Prediction markets Many prediction market tools have become available (including some free software) that made it easy to predict and bet on future events. This a more formal version of social interaction, but it nonetheless qualifies as a robust type of social software.

Social network services Social network services allow people to come together online around shared interests, hobbies, or causes. For example, some sites provide dating services where users post personal profiles, locations, ages, gender, etc, and are able to search for a partner. Other services enable business networking (Ryze, XING, and LinkedIn)and social event meetups (Meetup).

Some large wikis effectively become social network services by encouraging user pages and portals.

Social network search engines Social network search engines are a class of search engines that use social networks to organize, prioritize, or filter search results. There are two subclasses of social network search engines:those that use explicit social networks, and those that use implicit social networks.

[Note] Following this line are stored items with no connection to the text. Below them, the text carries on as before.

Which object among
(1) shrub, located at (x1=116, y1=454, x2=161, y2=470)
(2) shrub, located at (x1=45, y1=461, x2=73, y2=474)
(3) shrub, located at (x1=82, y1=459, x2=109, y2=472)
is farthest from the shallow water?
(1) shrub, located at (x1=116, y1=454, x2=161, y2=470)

Explicit social network search engines allow people to find each other according to explicitly stated social relationships such as XHTML Friends Network social relationships. XHTML Friends Network, for example, allows people to share their relationships on their own sites, thus forming a decentralized/distributed online social network, in contrast to centralized social network services listed in the previous section.

Implicit social network search engines allow people to filter search results based upon classes of social networks they trust, such as a shared political viewpoint. This was called an epistemic filter in a United Nations University report from 1993 which predicted that this would become the dominant means of search for most users.

Lacking trustworthy explicit information about such viewpoints, this type of social network search engine mines the web to infer the topology of online social networks. For example, the NewsTrove search engine infers social networks from content - sites, blogs, pods, and feeds - by examining, among other things, subject matter, link relationships, and grammatical features to infer social networks.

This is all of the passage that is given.